## What the exercise asks
Print this span of the material below exactly: the line with "maison d'édition ...", the line with "TPU Silicone Hoes", and every line between them, but nothing else.

## Records supplied
========================================================================
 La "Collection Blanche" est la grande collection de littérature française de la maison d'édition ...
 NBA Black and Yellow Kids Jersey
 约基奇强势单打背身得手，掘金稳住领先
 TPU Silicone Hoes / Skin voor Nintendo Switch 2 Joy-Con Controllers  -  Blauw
========================================================================
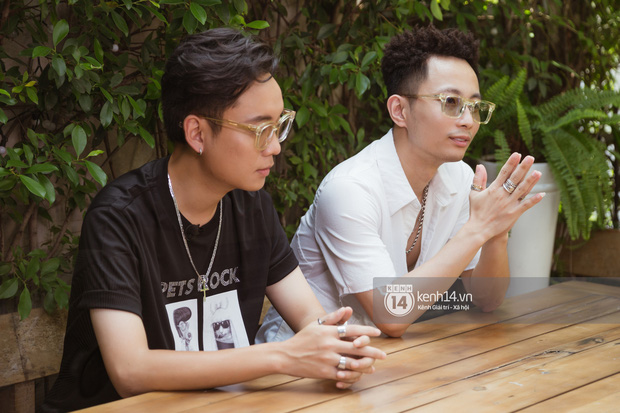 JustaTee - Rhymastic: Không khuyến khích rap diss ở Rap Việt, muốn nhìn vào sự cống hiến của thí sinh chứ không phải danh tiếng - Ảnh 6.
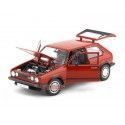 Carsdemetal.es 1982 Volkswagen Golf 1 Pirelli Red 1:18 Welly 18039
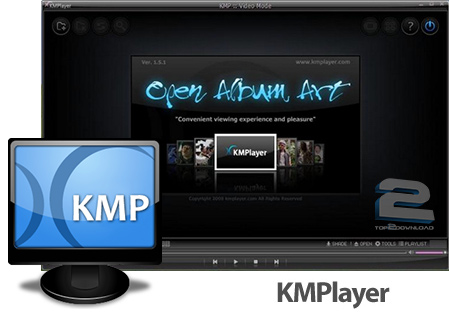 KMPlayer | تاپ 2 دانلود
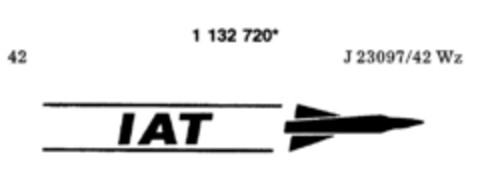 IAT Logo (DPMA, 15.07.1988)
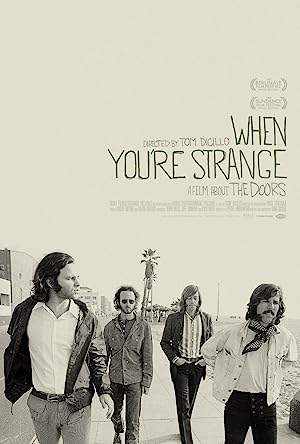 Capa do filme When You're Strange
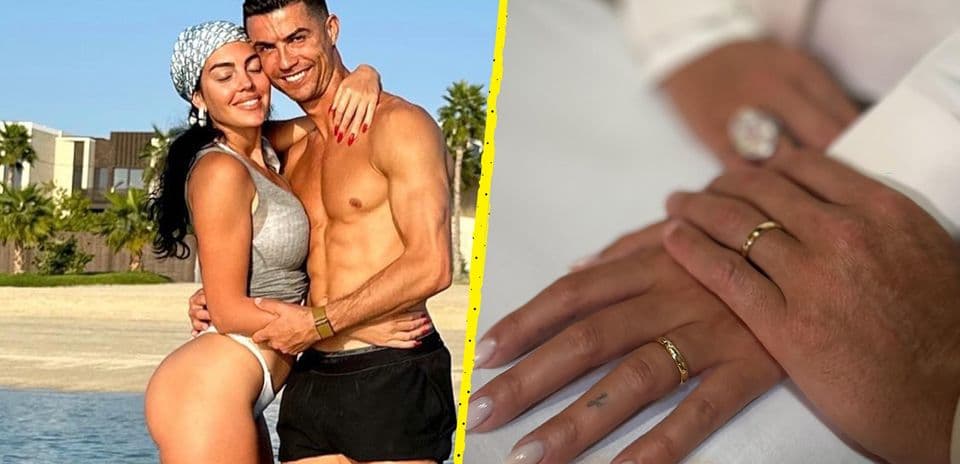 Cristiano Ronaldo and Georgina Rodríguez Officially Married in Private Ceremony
========================================================================
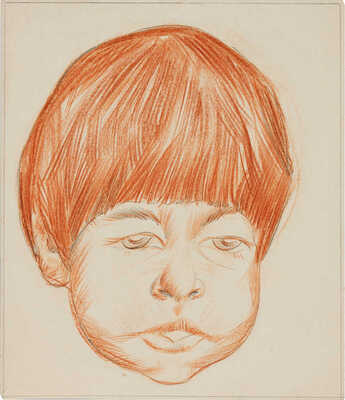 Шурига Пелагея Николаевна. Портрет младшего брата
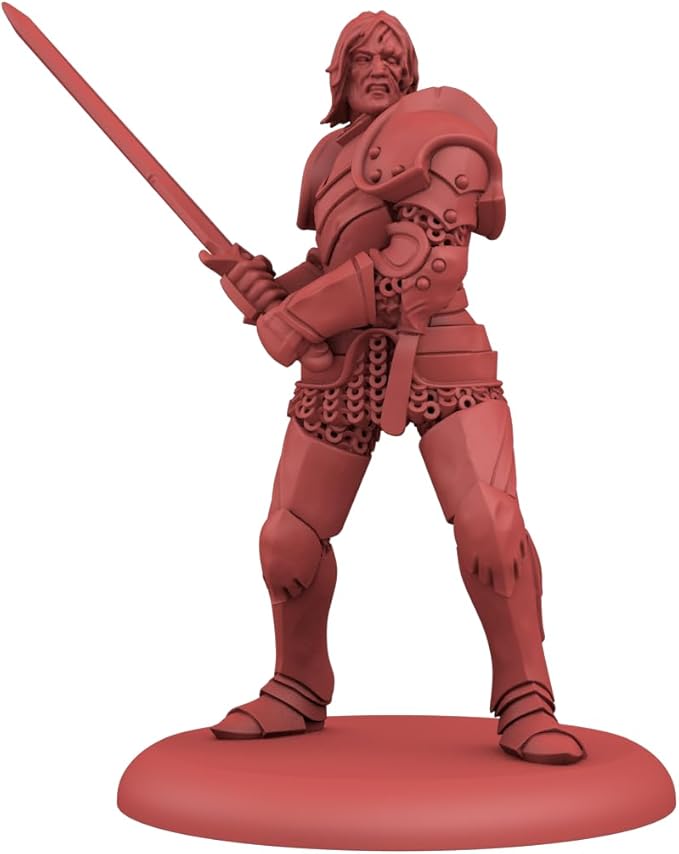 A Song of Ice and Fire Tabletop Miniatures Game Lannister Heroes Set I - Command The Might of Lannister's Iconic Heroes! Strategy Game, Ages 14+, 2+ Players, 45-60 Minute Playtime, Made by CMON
========================================================================
## Answer to the exercise
 La "Collection Blanche" est la grande collection de littérature française de la maison d'édition ...
 NBA Black and Yellow Kids Jersey
 约基奇强势单打背身得手，掘金稳住领先
 TPU Silicone Hoes / Skin voor Nintendo Switch 2 Joy-Con Controllers  -  Blauw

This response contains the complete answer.